As of yesterday anybody arriving in England from a ‘red list’ country is required to quarantine in a government-approved hotel for a period of 10 days at a cost of £1,750 for a single person.

Anyone who refuses to quarantine in a hotel faces a fine of up to £10,000 and is then made to cough up the original £1,750 on top.

Nadine Houghton, GMB national officer, said yesterday: ‘If you’ve got people getting off planes from the red list countries, then being crammed into areas with passengers who aren’t going into quarantine – and staff as well – you’ve failed at the first hurdle.

‘Our members working at Heathrow, the ground and security staff, have been raising concerns about this for two weeks now.

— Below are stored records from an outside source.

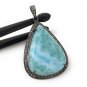 Larimar Pendant; Gemstone Pendant; Pave Diamond Pendant Sterling Silver Pendant DIY Default Title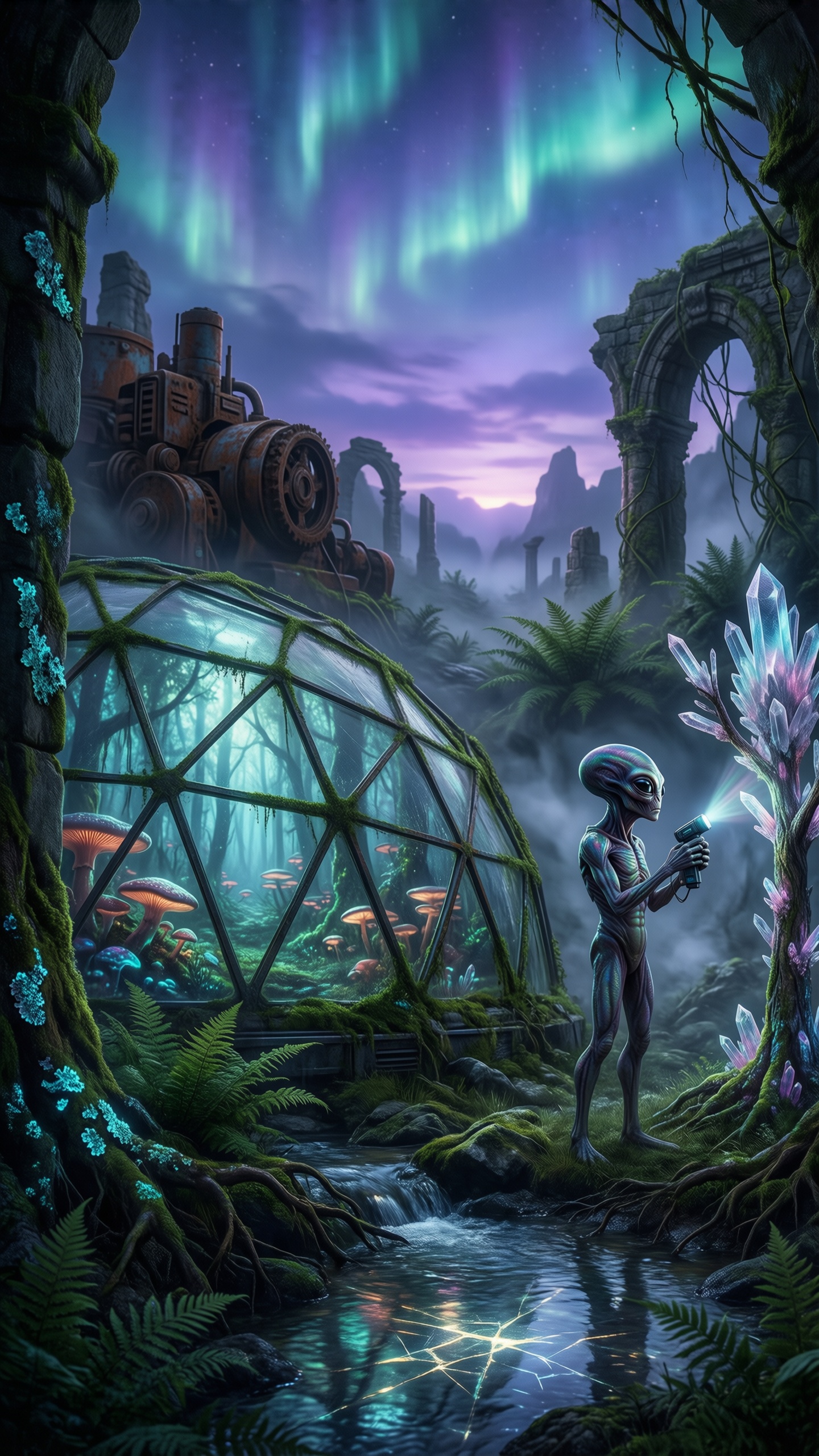 Alien In A Mystical Forest 1 - AI generated wallpaper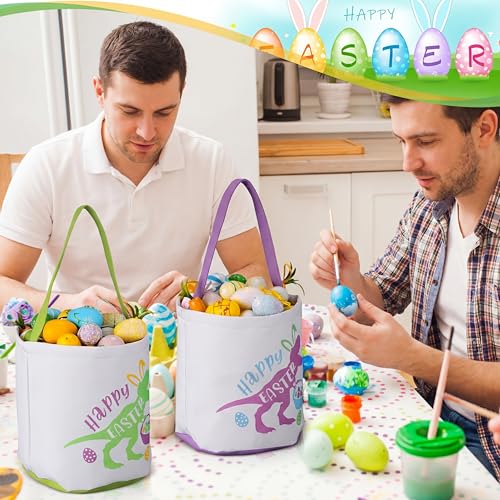 Image of 6 Pcs Canvas Easter Basket with Handle Dinosaur Bucket Bags Bulk Fabric Eggs Hunt Totes for Party Supplies Easter Candy Gifts Storage Favors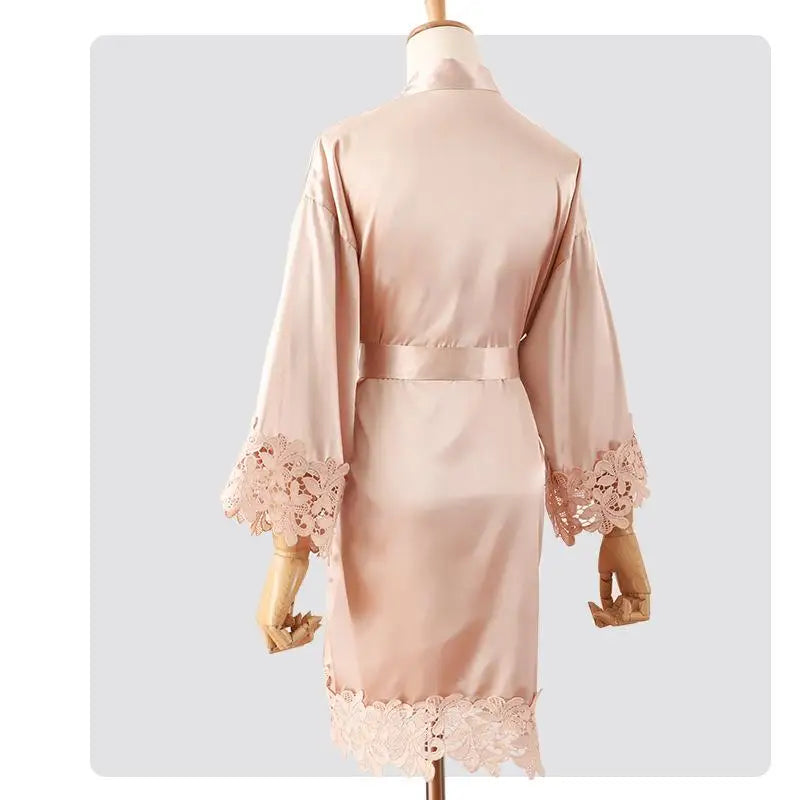 Women’s Summer Lace Kimono Robe – Bride & Bridesmaid Wedding Sleepwear Embroidered Bathrobe Night Dress
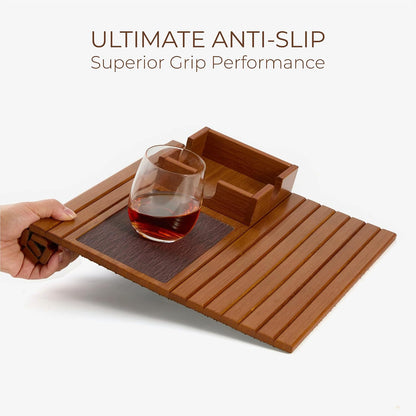Detor Couch Cup Holder Tray with Super Anti-Slip Pad, Large 4.5" x 4.5" Organizer, Brown-Stained Bamboo Finish, Enhanced Non-Slip Felt Base, Durable Bamboo Slats, Fits Armrests 5.5" and Wider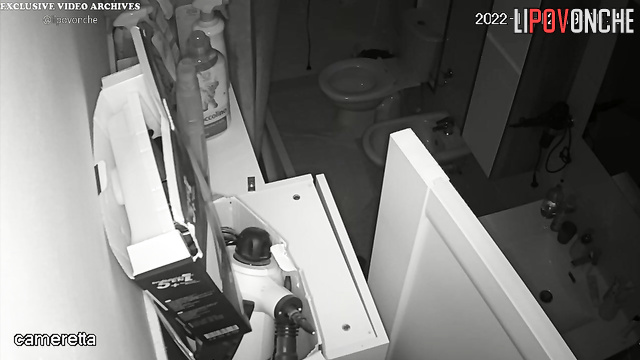 Two seductive sisters take turns peeing in the toilet in front of each other
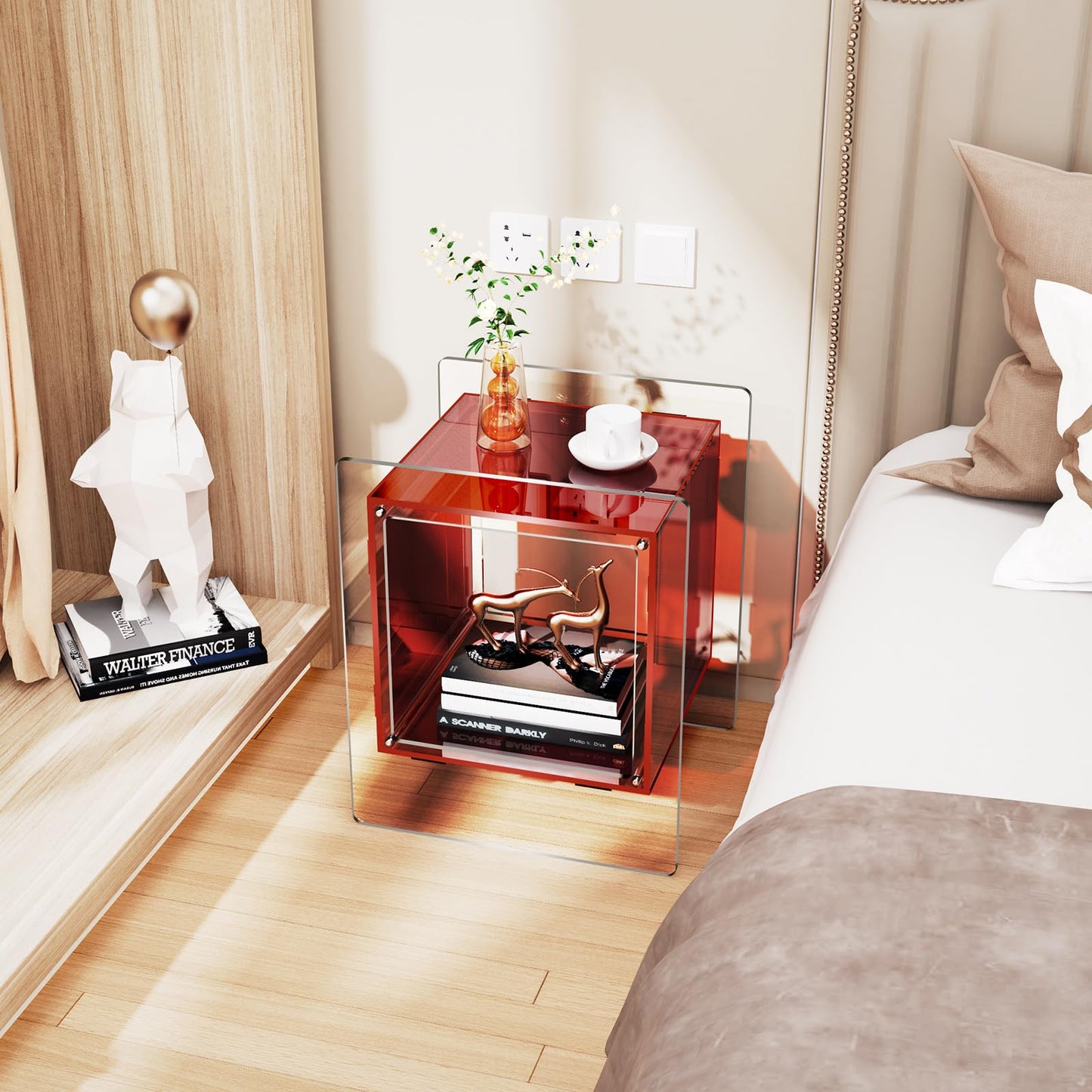 solaround Colored Cube Acrylic Bedside Side Table, 46 x 40 x 55 cm, Red
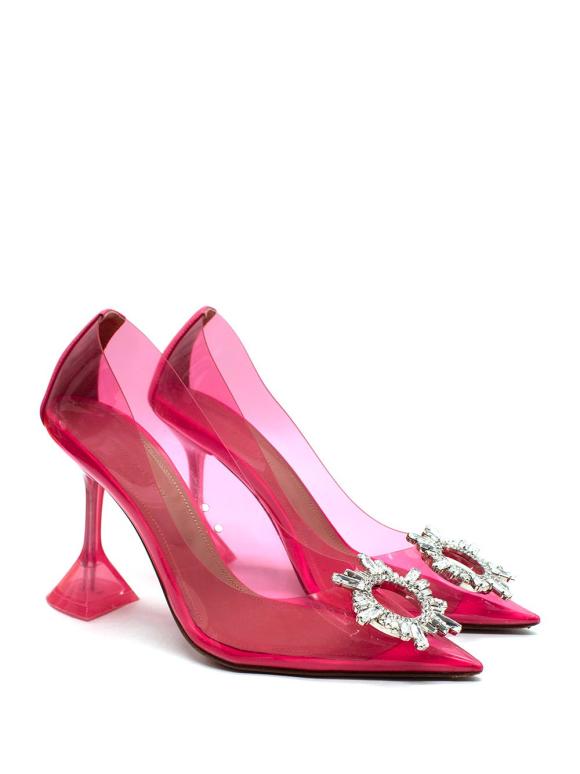 Amina Muaddi Begum Emellished Pink PVC Pump
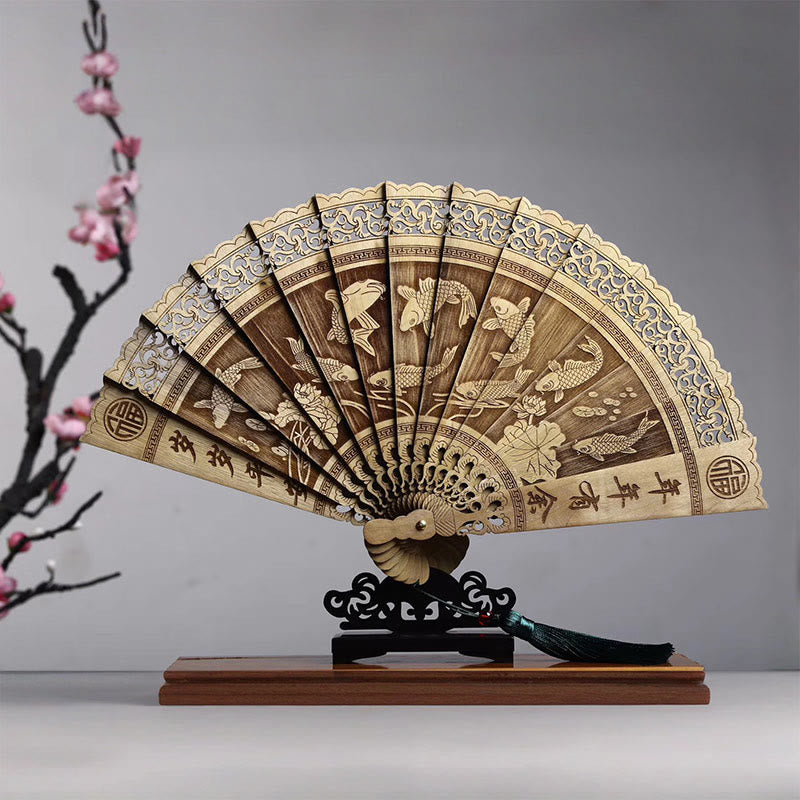 Phoebe Zhennan Wood Koi Fish Chinese Folding Fan 22cm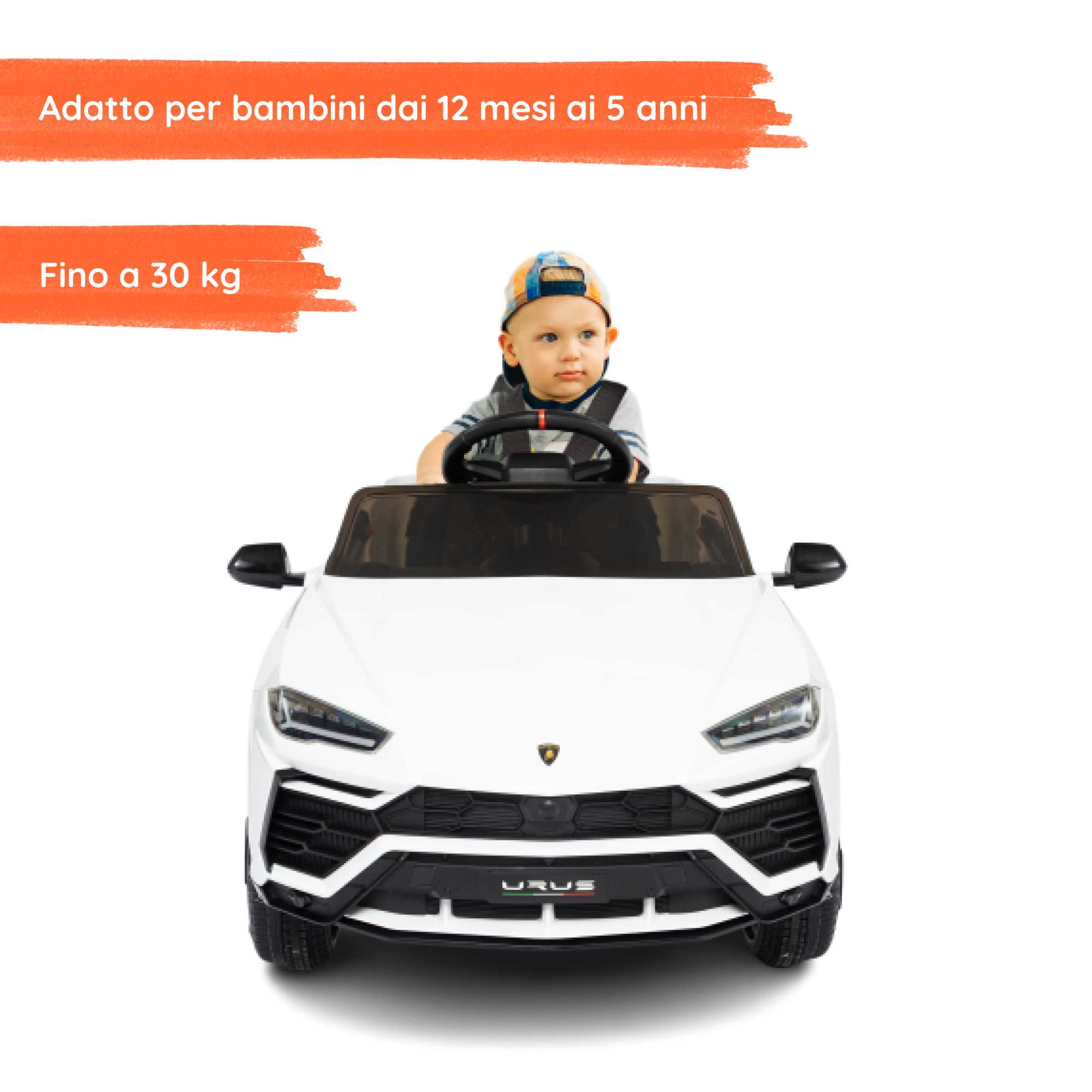Lamborghini Urus elettrica per bambini con bambino
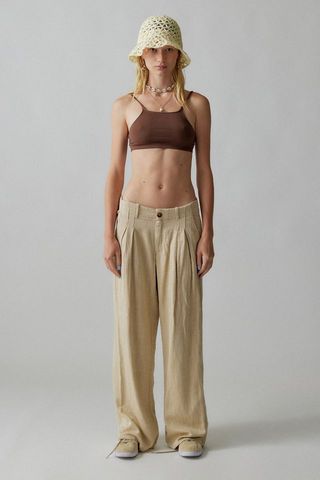 Urban Outfitters + Martina Linen Low-Rise Trouser Pant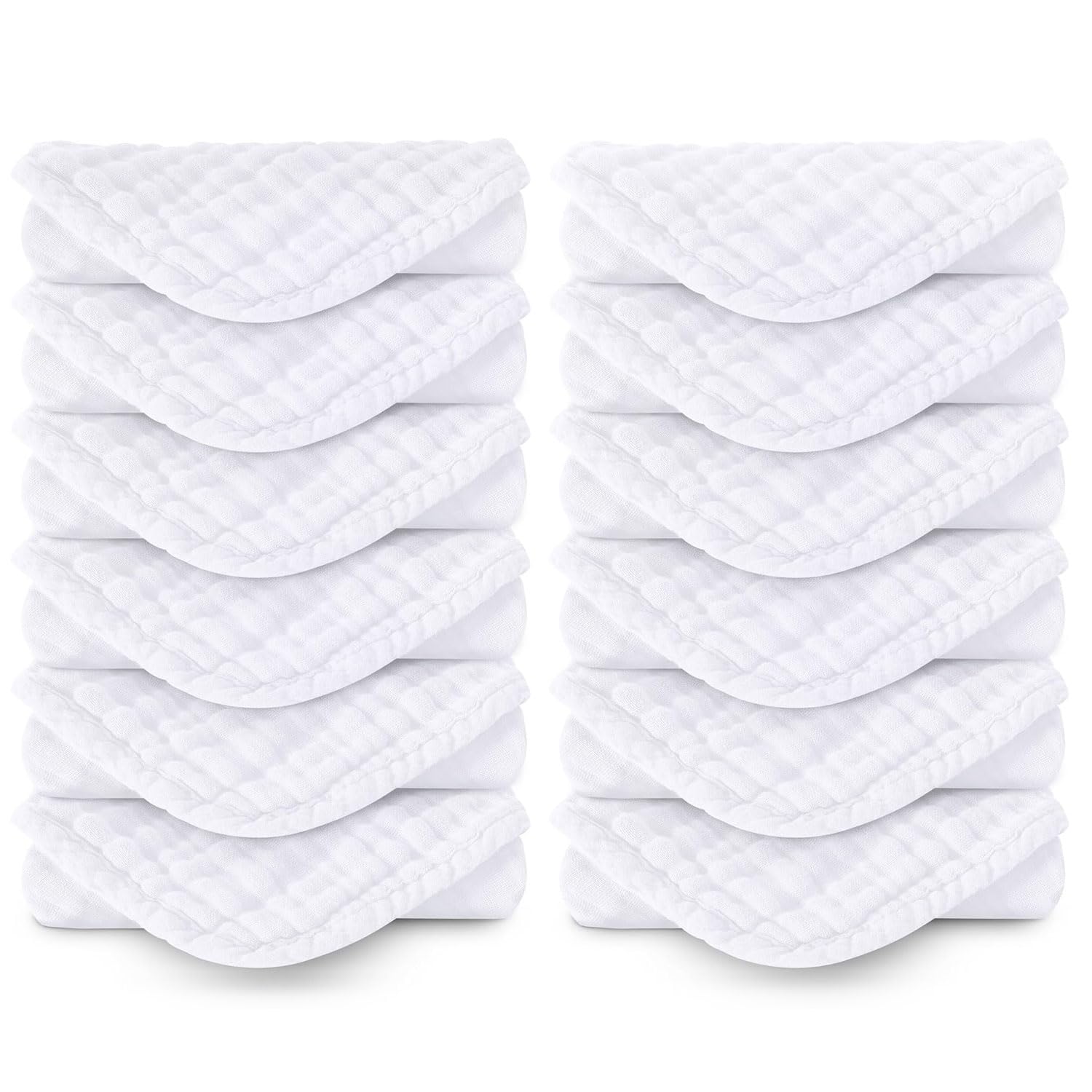 koo-dib baby burp cloths, 10 Pack Muslin Cloths for Baby 30x30cm Muslin Squares
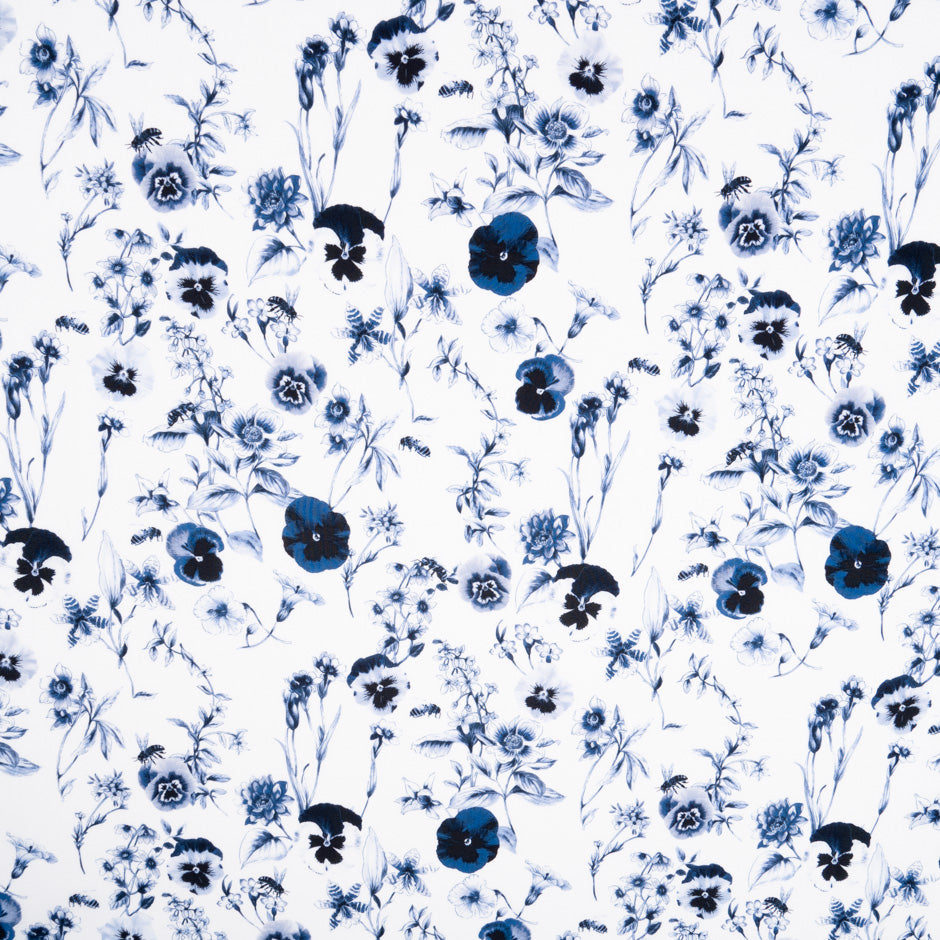 Midnight Blue Floral Printed White Pure Cotton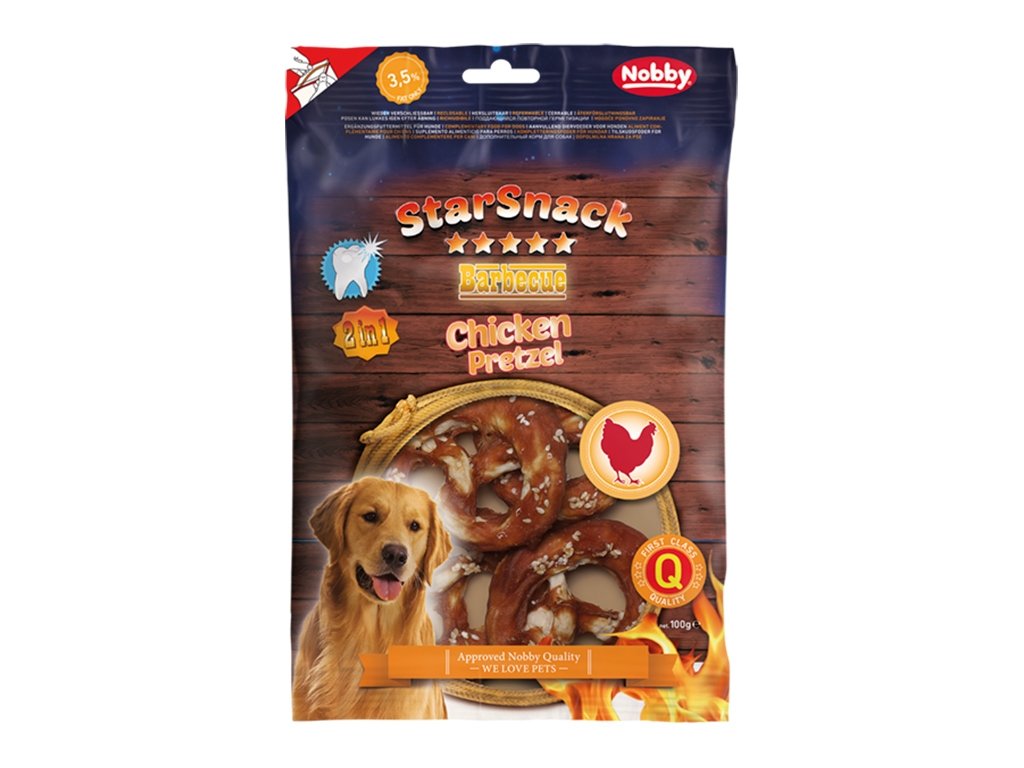 33597 2 nobby starsnack bbq chicken pretzel pamlsky 100g z kategorie chovatelske potreby a krmiva pro psy pamlsky pro psy zvykaci pamlsky pro psy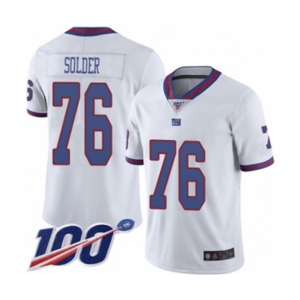 Youth New York Giants #76 Nate Solder Limited White Rush Vapor Untouchable 100th Season Football Jersey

Heathrow just isn’t safe at the moment.’

A spokesperson for the airport has now urged ministers to ensure there are ‘adequate resources and effective processes’ in place to reduce the delays. As many as 8,000 passengers a day could be at risk in the current system.

Checks carried out to identify if a passenger has arrived from a ‘red list’ country are estimated to double the standard arrival time to 15 minutes per person.

The Heathrow spokesperson said: ‘Our key concern remains the ability of Border Force to cope. Queues at the border in recent days of almost five hours are totally unacceptable.

‘Ministers need to ensure there is adequate resource and effective processes at the border to avoid compromising the safety of passengers and those working at the airport, which could necessitate the suspension of some arriving flights.’

The government’s ‘red list’ currently includes several popular holiday destinations, such as the United Arab Emirates, Portugal and Mauritius.

Dave Wiltshire, Secretary of the All Trades Unions Alliance, said: ‘It is not just a question of speaking up for workers’ safety at Heathrow, it is a question of doing something about it.

‘The GMB and other unions such as Unite should tell Heathrow and the government that unless the safety of their members is guaranteed they will stop work and put an end to the whole system.

‘The whole system of hotel quarantine is a form of internment in which people are stuck in their rooms and can’t leave them unless flanked by a security guard who, no doubt, will not have any protection.

‘The TUC and major trade unions have said that workers’ safety is a major concern. They should take action or assume responsibility for whatever happens.’